Мы вышли в парк, прогулялись немного, а потом улеглись навзничь в невысокой траве. Небо, эта бескрайняя чаша покоя, смотрело на нас дружелюбно. И я чувствовал себя удивительно покойно, ясно, отрешенно, словно мудрый отшельник.
К моему удивлению, Стенли был настроен на другой лад. Он говорил, что мой непременный долг – порвать с Мод, что он, как мой друг, поможет мне сделать то, что я не в силах сделать сам.
– Предоставь это мне, – наборматывал он мне в ухо, – и я все для тебя устрою. Только потом не прибегай ко мне и не говори, что ты об этом жалеешь, – добавил он.
Я поинтересовался, каким образом собирается он устроить мою жизнь.
– А это уж не твоя забота, – ответил он. – Ты ведь в отчаянии, не так ли? И ты хочешь рвануть от нее, верно?
Я покачал головой, улыбнулся. Улыбнулся, потому что казалось полным абсурдом, что из всех людей именно Стенли берется все устроить. А он держался так, будто давным-давно наметил всю интригу и ждал лишь благоприятного момента, чтобы осуществить свой замысел… Но ему хотелось побольше узнать о Маре, вполне ли я уверен в ней.
– Теперь о малышке, – говорил он своим обычным лениво-высокомерным тоном. – Здесь тебе, конечно, будет на первых порах трудно. Но пройдет время, и ты о ней забудешь, ты же никогда не был любящим отцом. Только не приходи ко мне с просьбой опять все уладить. Раз я берусь за такое дело, оно будет решено раз и навсегда. Полумер я не признаю.
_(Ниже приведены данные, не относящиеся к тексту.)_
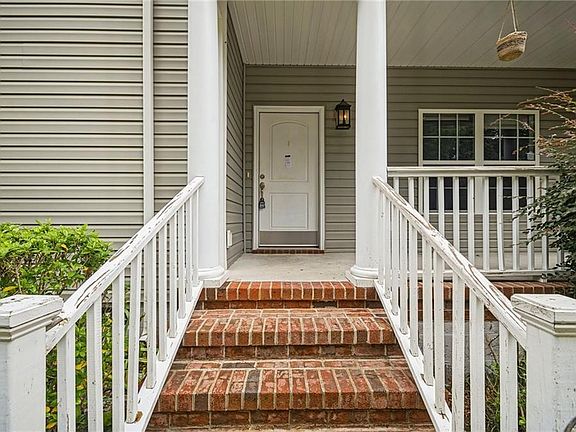 5th image of 6216 Asfari Ct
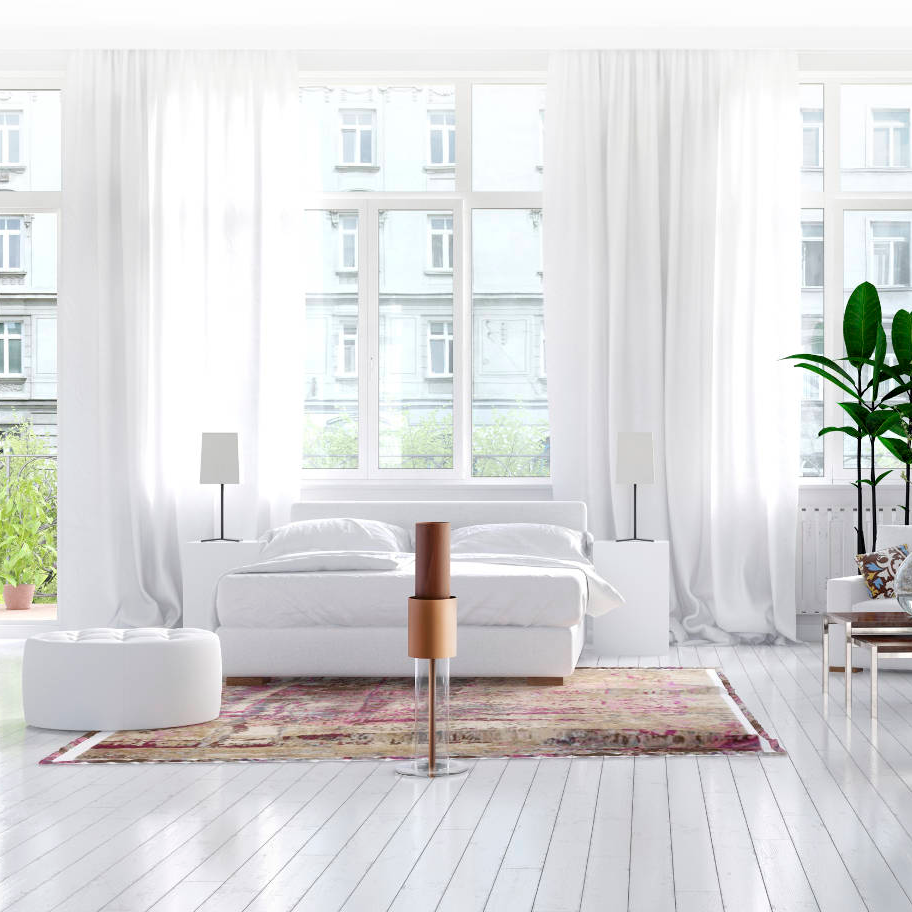 LightAir IonFlow Signature 2.0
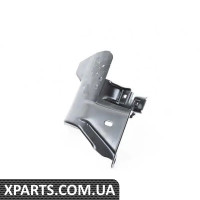 13321735000 BMW Кронштейн паливного фільтра E36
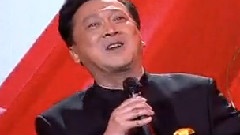 說句心里話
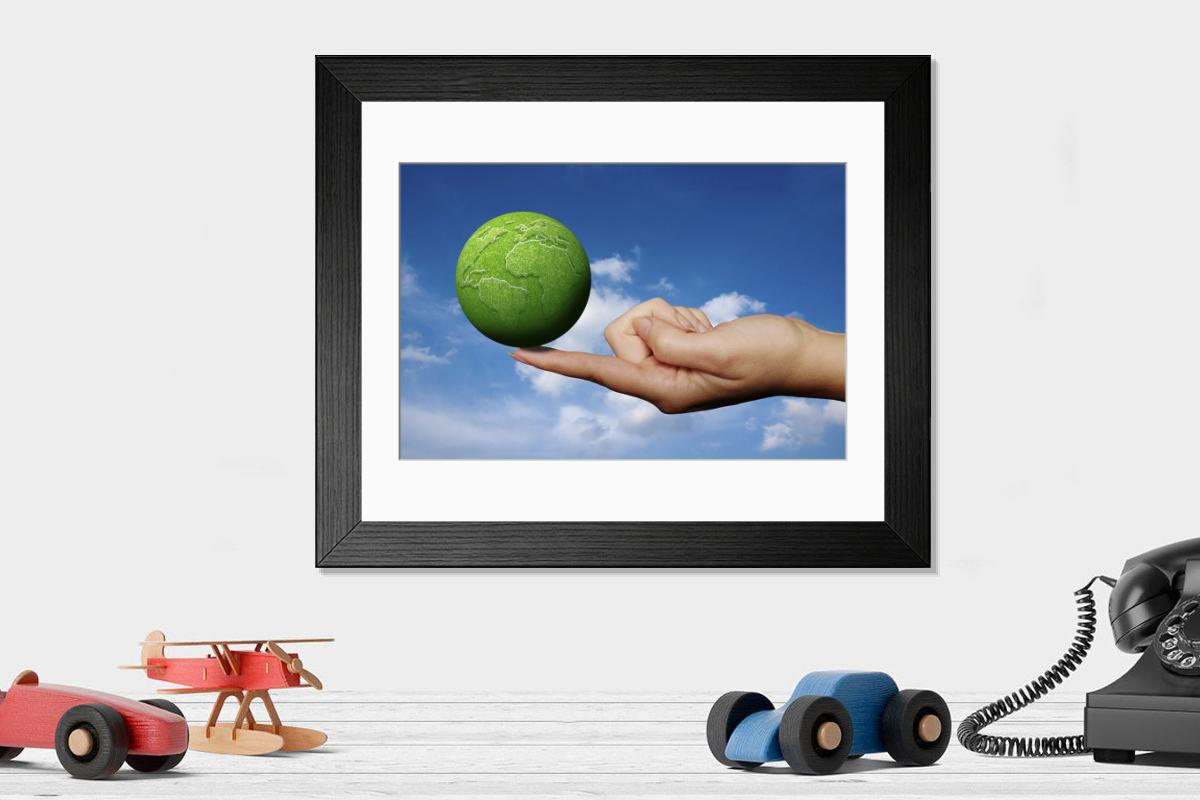 product preview 0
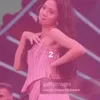 soso.blinkstay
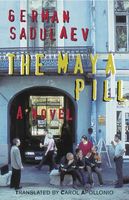 eBook edition cover
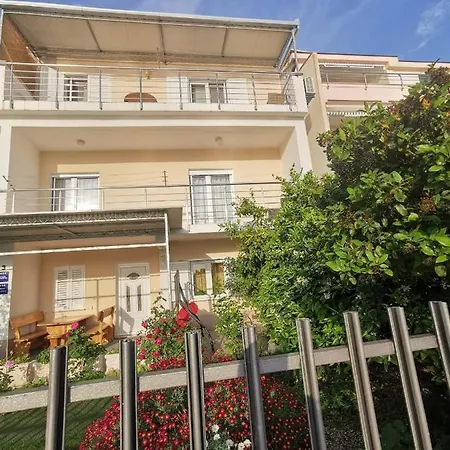 Appartement Tomislav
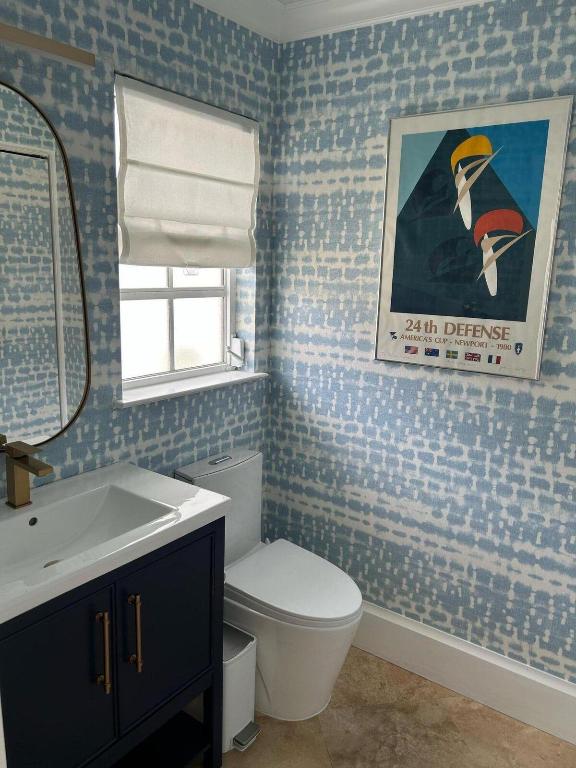 OCEAN VUE AMENDED PLAT - Residential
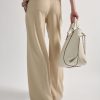 Chicthreads.shop8af0e57529 2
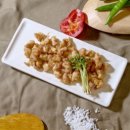 수유 감탄 숯불닭갈비 이미지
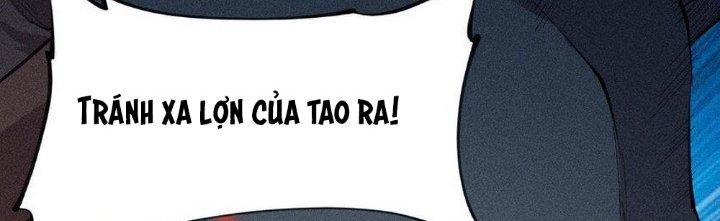 Thức Tỉnh Thành Sứa Nhưng Ta Vẫn Thật Siêu Thần Chapter 47 - Trang 2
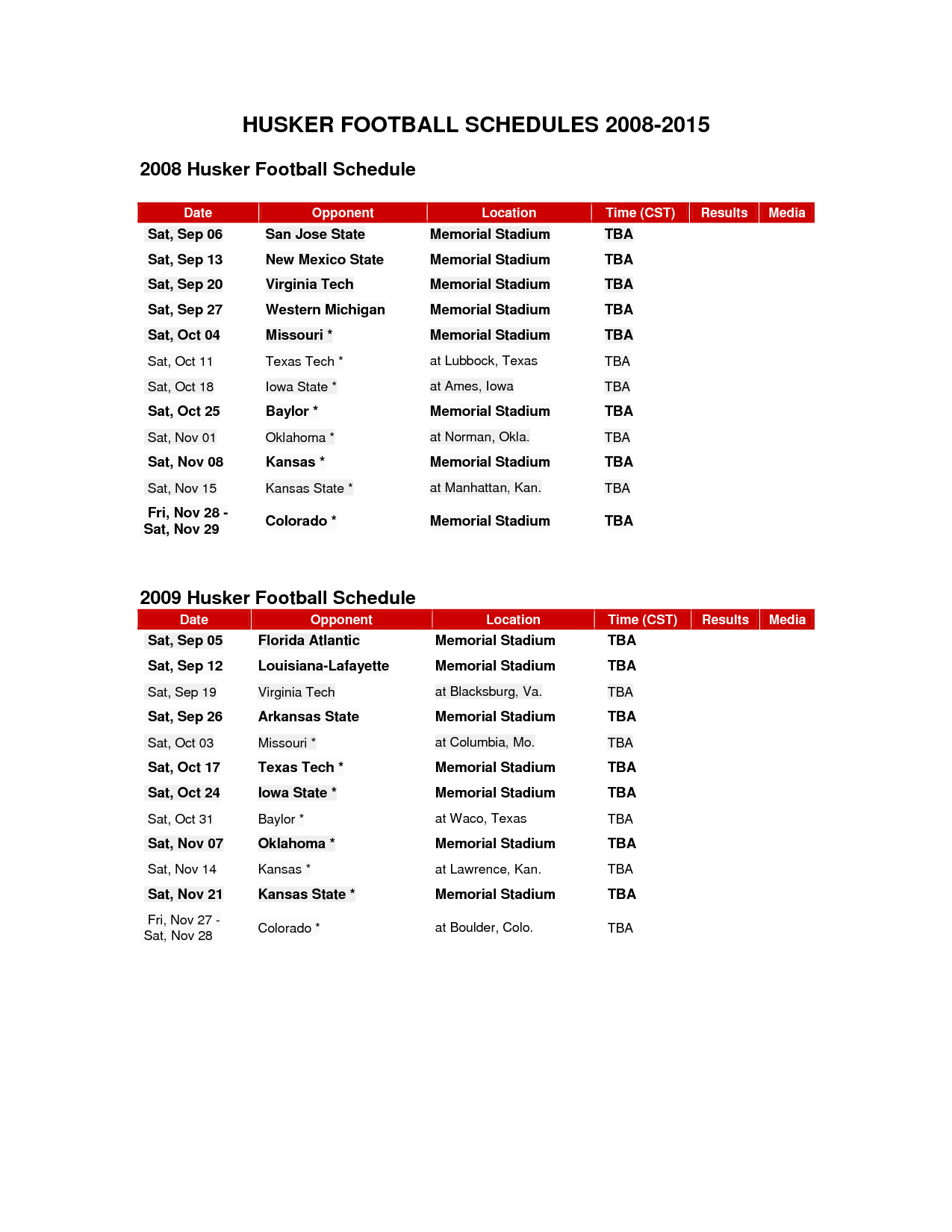 Ou Football Schedule Wallpapers 2015 - Wallpaper Cave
Ну вот, а тебе надо уехать в Техас или еще куда-нибудь. Я на твоем месте так бы и поступил. И не вздумай сюда возвращаться. Здесь все кончено, и ты начинаешь новую жизнь, совсем новую, будто только что родился… И ты сможешь это сделать, если захочешь. Я не могу, я схвачен. Вот почему мне хочется тебе помочь. Я даже не ради тебя это делаю, мне самому хотелось бы так поступить. И можешь потом обо мне забыть. Я бы забыл всех на твоем месте.